Strong Optimistic Solving for Dynamic Symbolic Execution

TL;DR

This paper introduces a strong optimistic solving method for dynamic symbolic execution that improves branch inversion accuracy and code coverage by eliminating irrelevant constraints and handling nested control transfers.

Contribution

The paper proposes a novel strong optimistic solving technique for DSE that enhances branch inversion efficiency and accuracy, implemented in the Sydr tool.

Findings

Combining strategies increases code coverage and branch inversion rate.

The proposed method outperforms existing strategies in accuracy and efficiency.
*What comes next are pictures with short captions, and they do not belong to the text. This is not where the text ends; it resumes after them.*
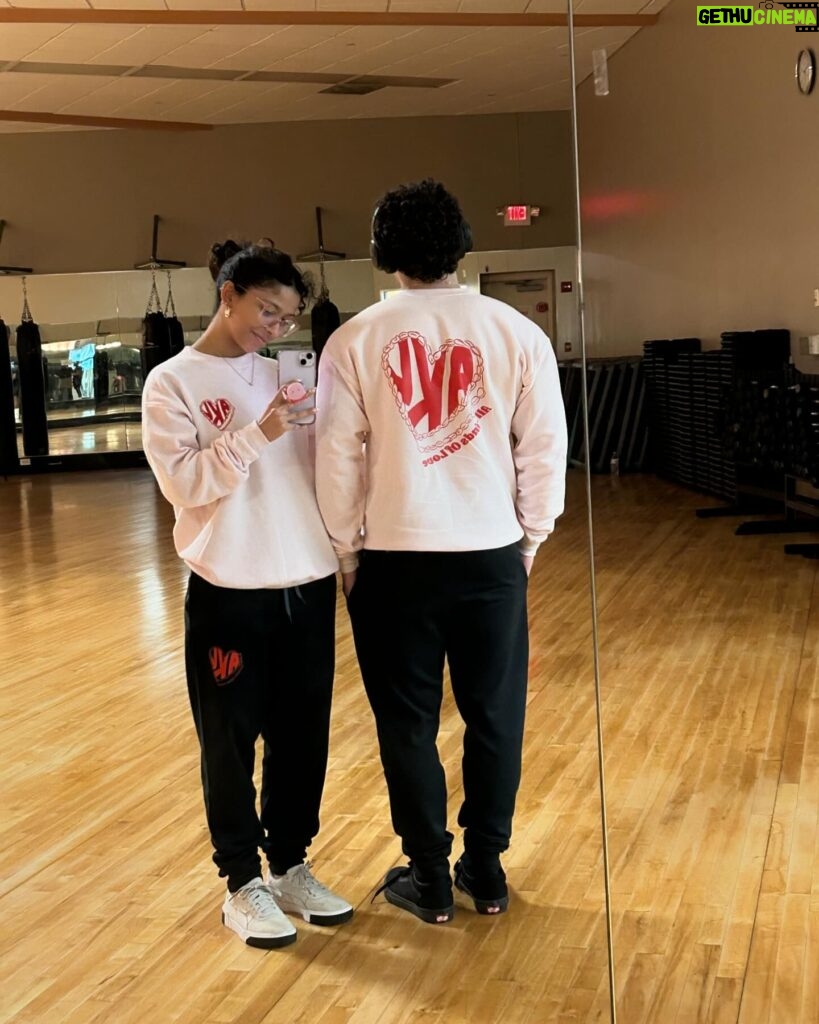 Madison Reyes Instagram - Action shots of our new All Kinds of Love Crewneck wore it out to the gym looking prettyyy good! Did you get your hands on one? Orders to be shipped out soon just waiting on correct tote bags 🩷 (sweats not available)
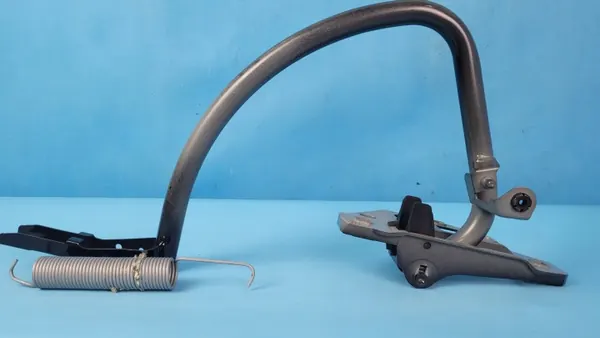 Mercedes EQE W295 Linker Kofferbakdekscharnier OEM A2957500100 image 8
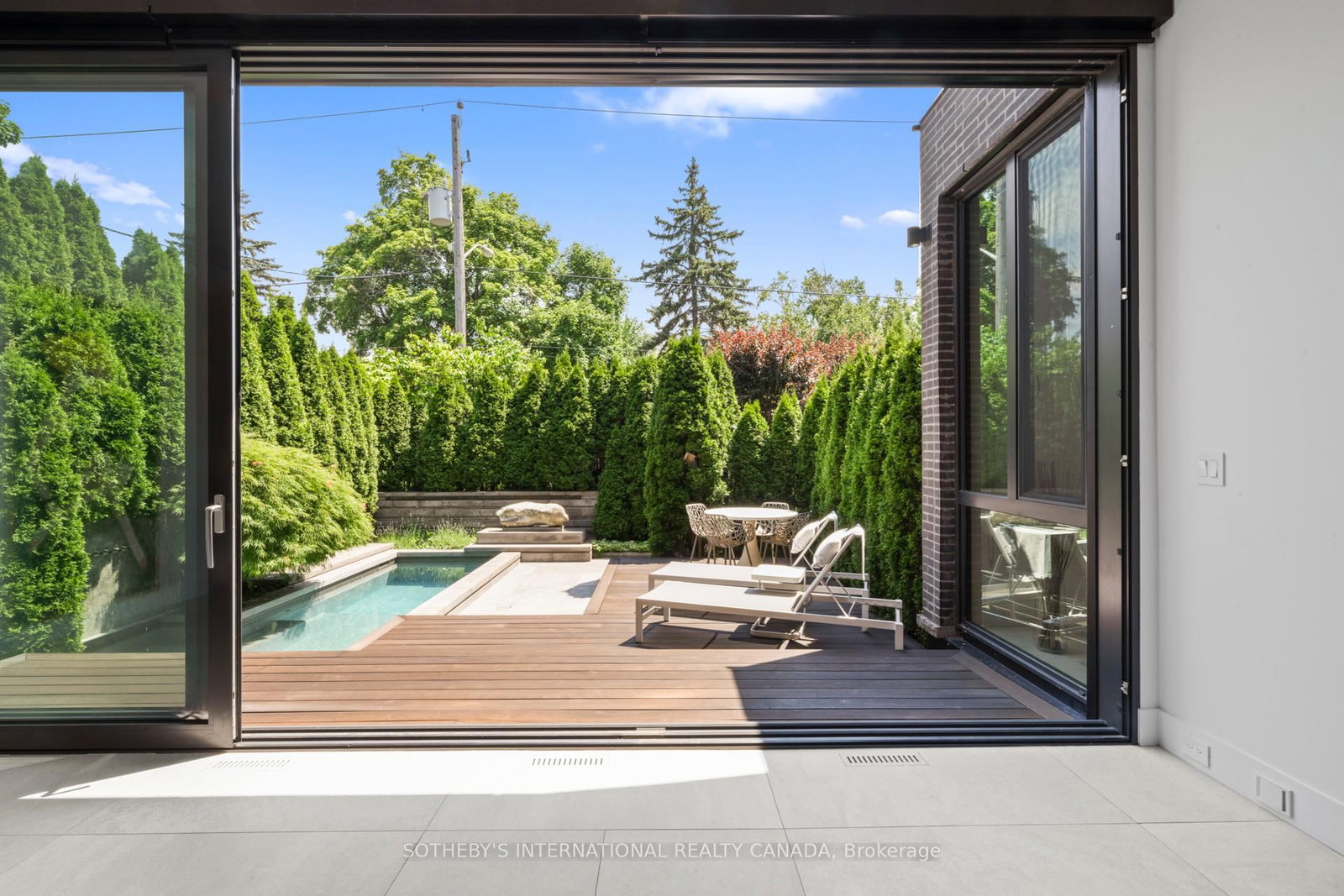 Detached House for sale at 108 Stratford Crescent, Toronto, Ontario, M4N 1C6 - Bridle Path-Sunnybrook-York Mills - MLS: C12971352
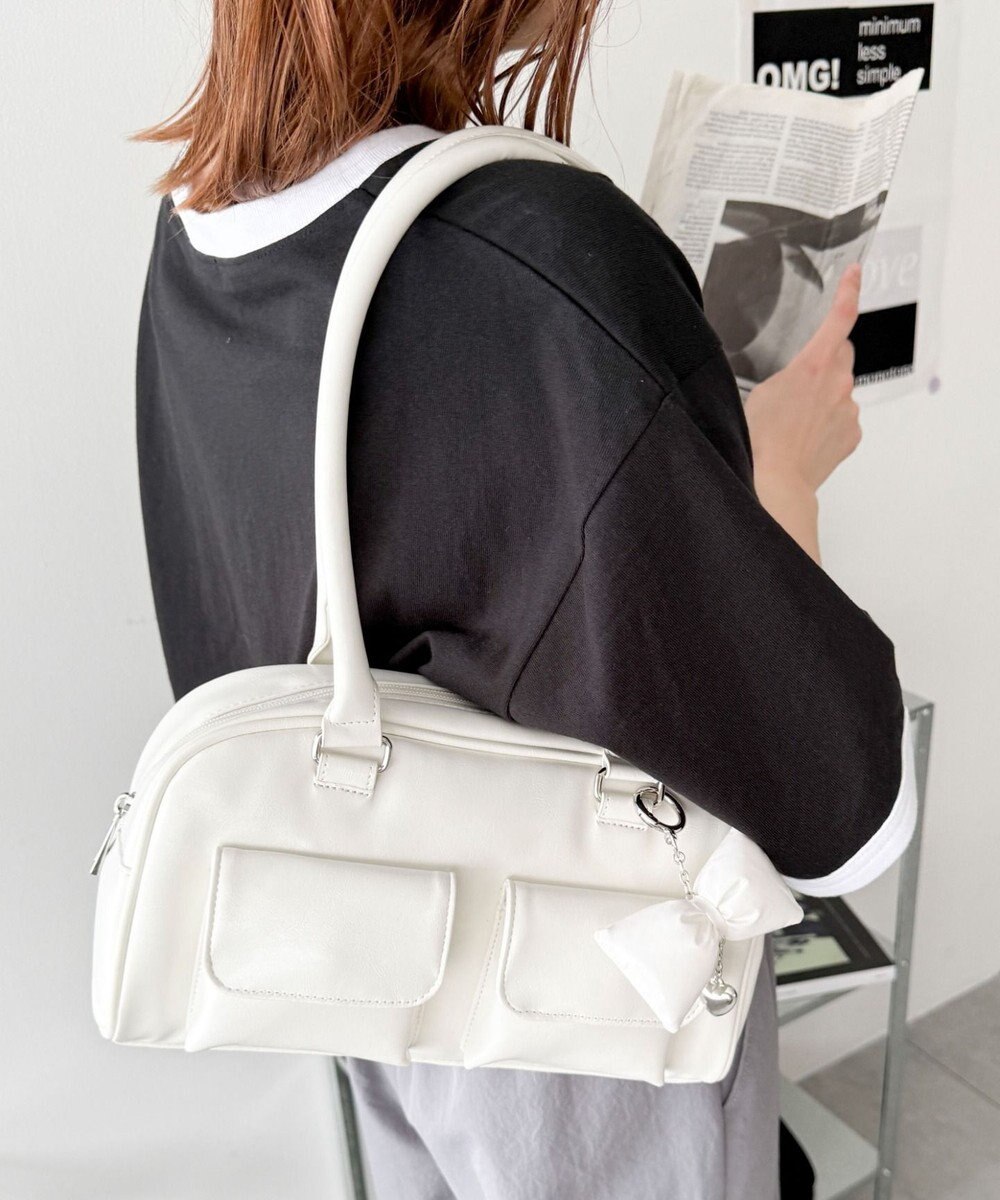 WEGO チャーム付きボストンバッグ 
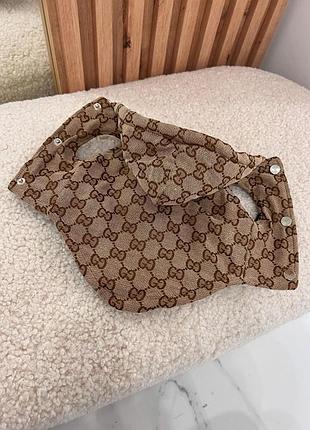 Брендова зимова жилетка для собак gucci джинсова зі значками, з капюшоном, на кнопках, бежева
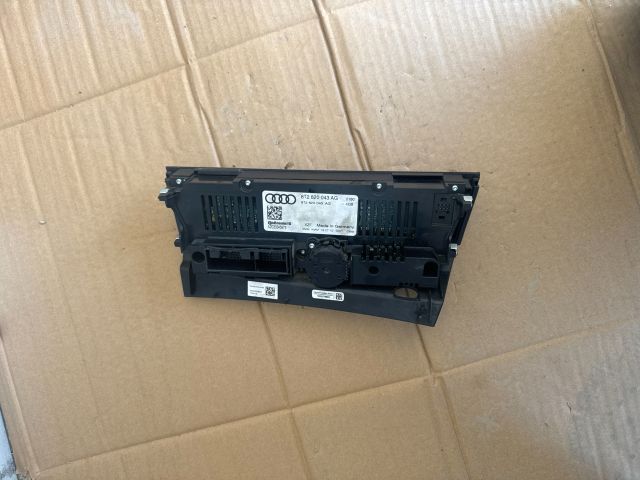 bontott AUDI A4 B8 Középkonzol Vezérlő Panel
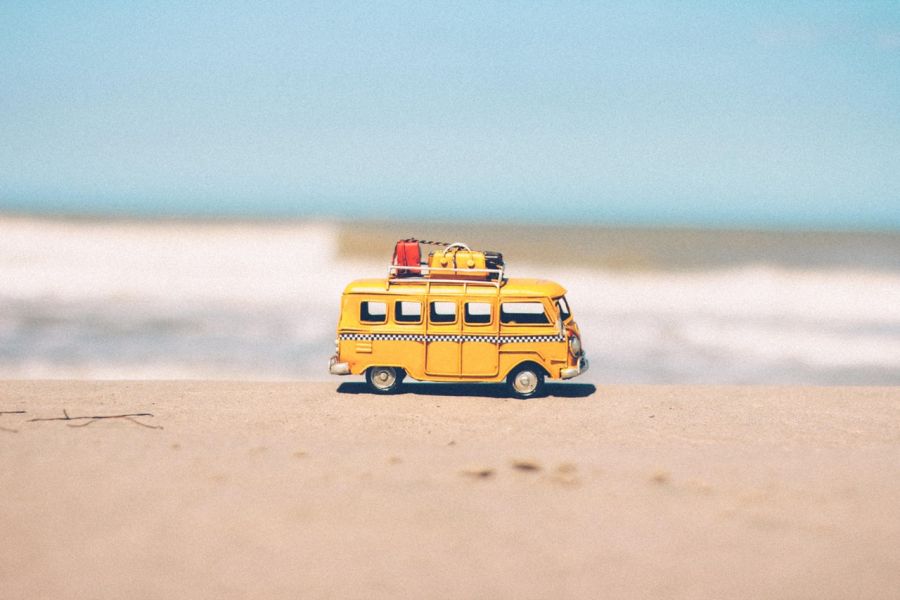 поездка на море на машине, игрушечная машина на песке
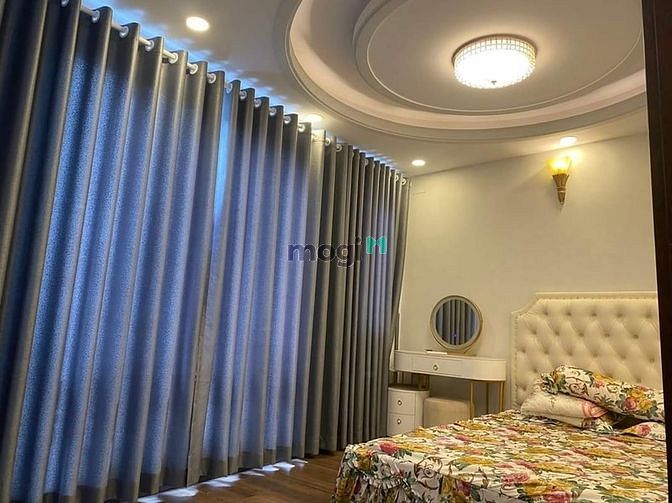 Hình ảnh Bán nhà trung tâm quận7 siêu đẹp.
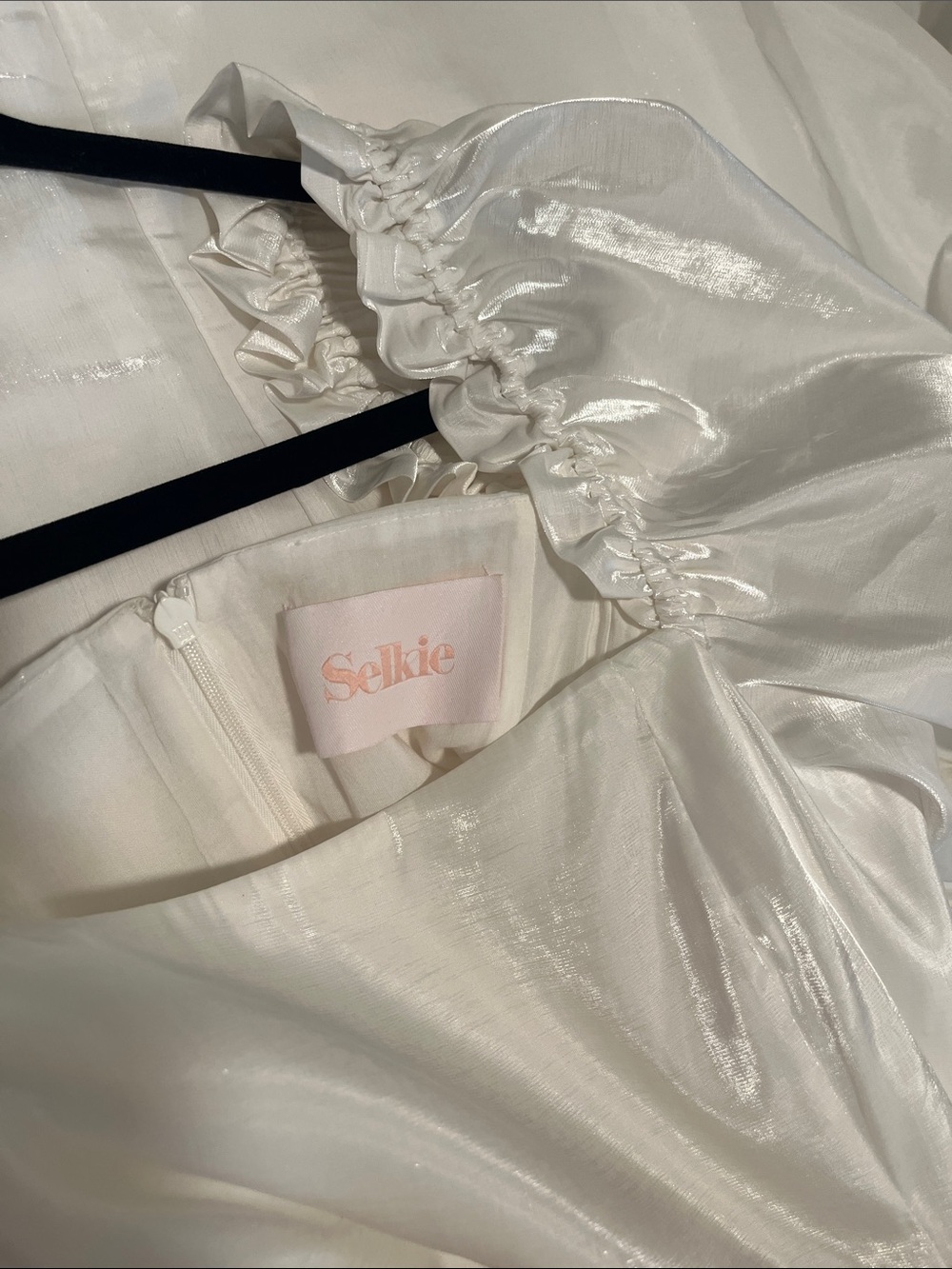 Selkie White Puff-Sleeve Ruffle Dress Gown - Picture 3 of 7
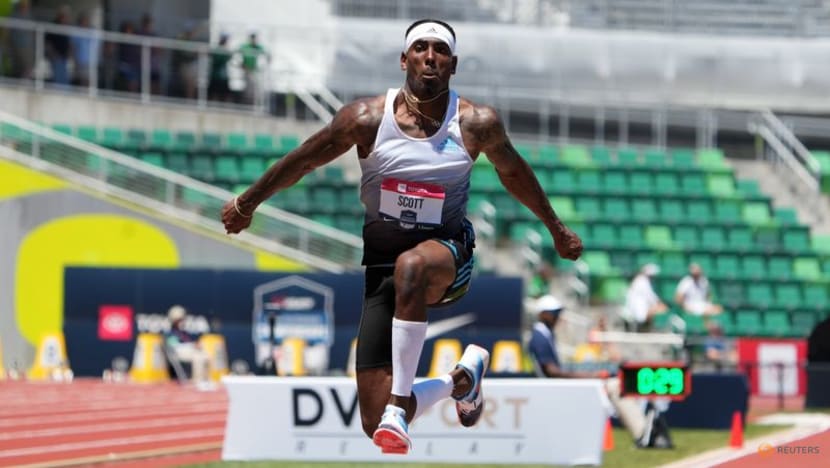 Lyles overcomes teenager Knighton, Steiner stuns rivals to win 200m Lyles overcomes teenager Knighton, Steiner stuns rivals to win 200m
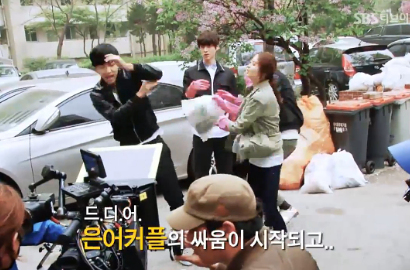 Go Ara dan Lee Seung Gi Syuting Dikelilingi Sampah di 'You're Surrounded'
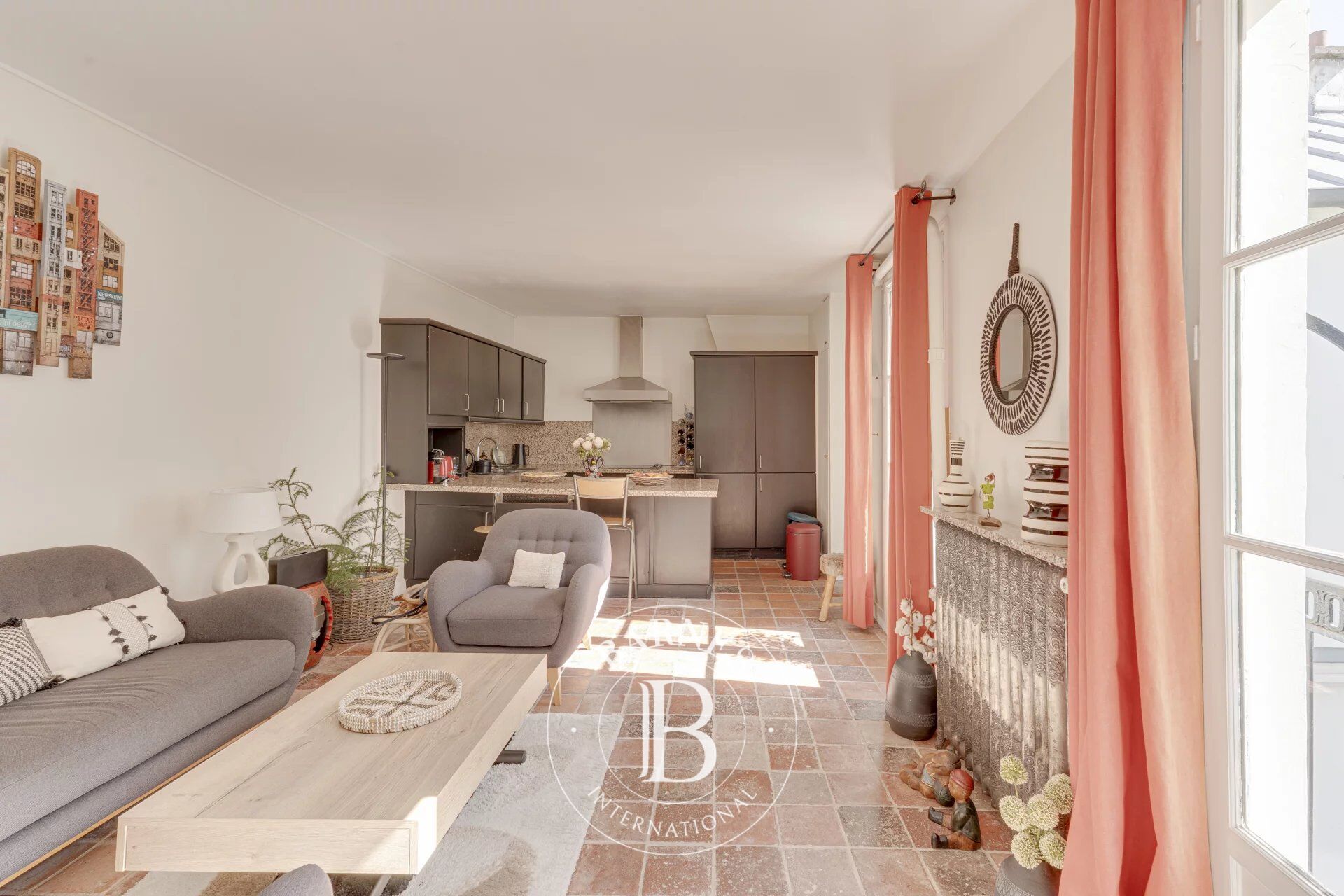 Paris 6 - Saint-Germain-des-Prés - Top floor - Sunny - Quiet surroundings - picture 3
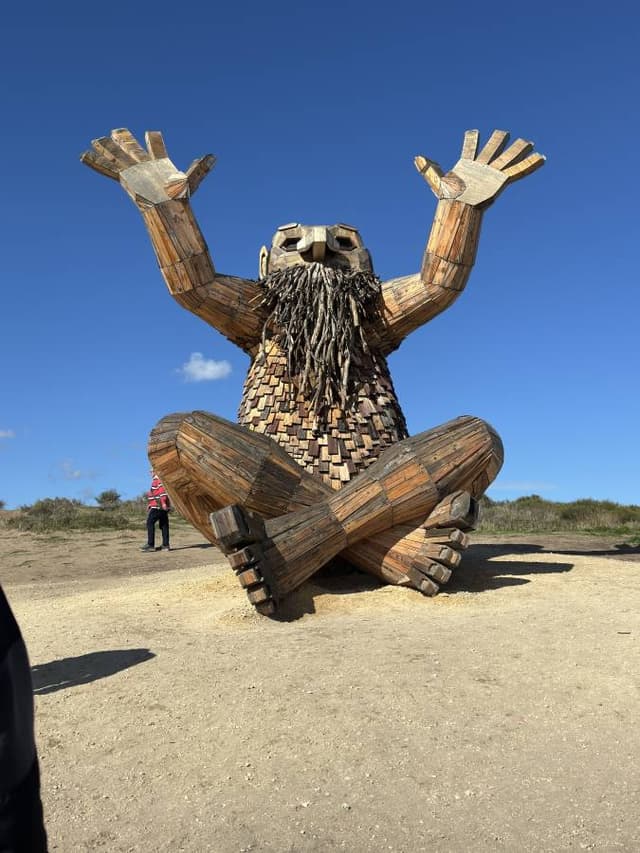 Photo 3 by Helen T. about hiring a Mitsubishi Outlander at Perth Airport (23/07/24)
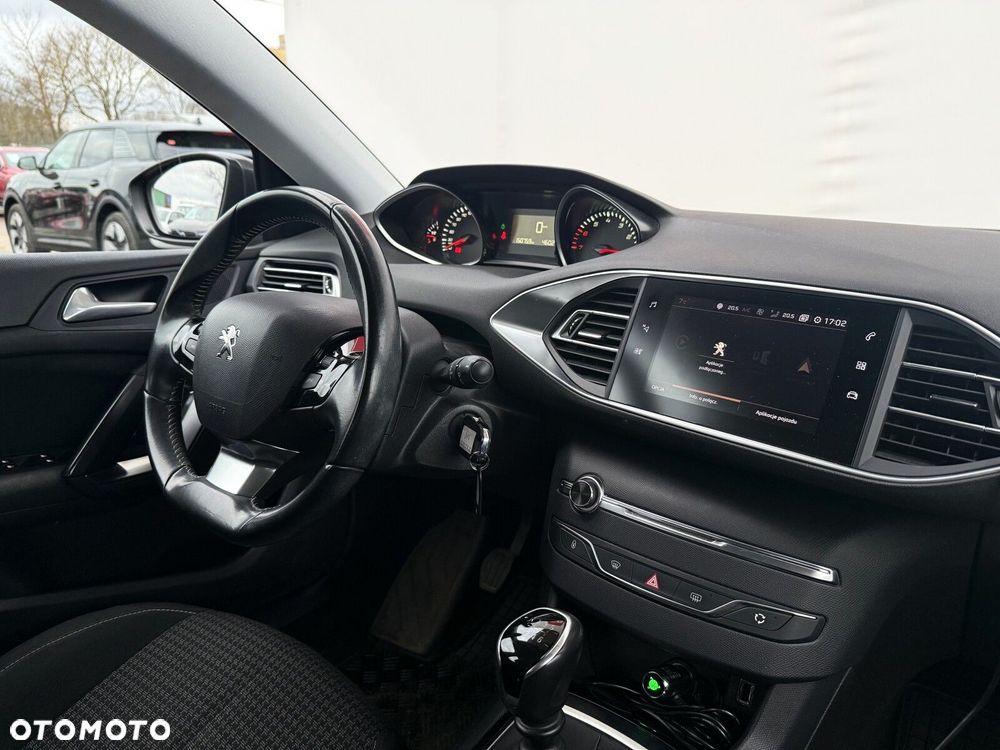 Peugeot 308 1.2 PureTech Active S&S - 26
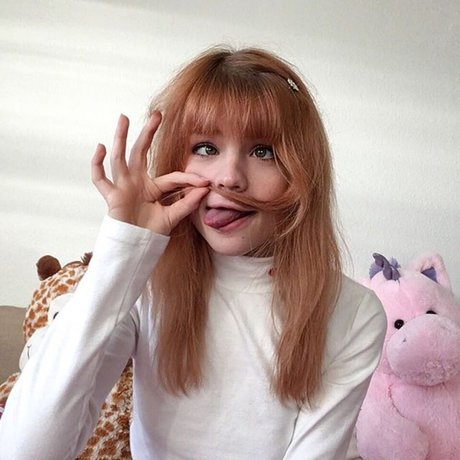 Lilsolle Chickpii xxx pornstar pics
Implementation in Sydr demonstrates practical benefits in dynamic symbolic execution.

Abstract

Dynamic symbolic execution (DSE) is an effective method for automated program testing and bug detection. It is increasing the code coverage by the complex branches exploration during hybrid fuzzing. DSE tools invert the branches along some execution path and help fuzzer examine previously unavailable program parts. DSE often faces over- and underconstraint problems. The first one leads to significant analysis complication while the second one causes inaccurate symbolic execution. We propose strong optimistic solving method that eliminates irrelevant path predicate constraints for target branch inversion. We eliminate such symbolic constraints that the target branch is not control dependent on. Moreover, we separately handle symbolic branches that have nested control transfer instructions that pass control beyond the parent branch scope, e.g. return, goto, break, etc. We implement the proposed method in our dynamic symbolic execution tool Sydr. We evaluate the strong optimistic strategy, the optimistic strategy that contains only the last constraint negation, and their combination. The results show that the strategies combination helps increase either the code coverage or the average number of correctly inverted branches per one minute. It is optimal to apply both strategies together in contrast with other configurations.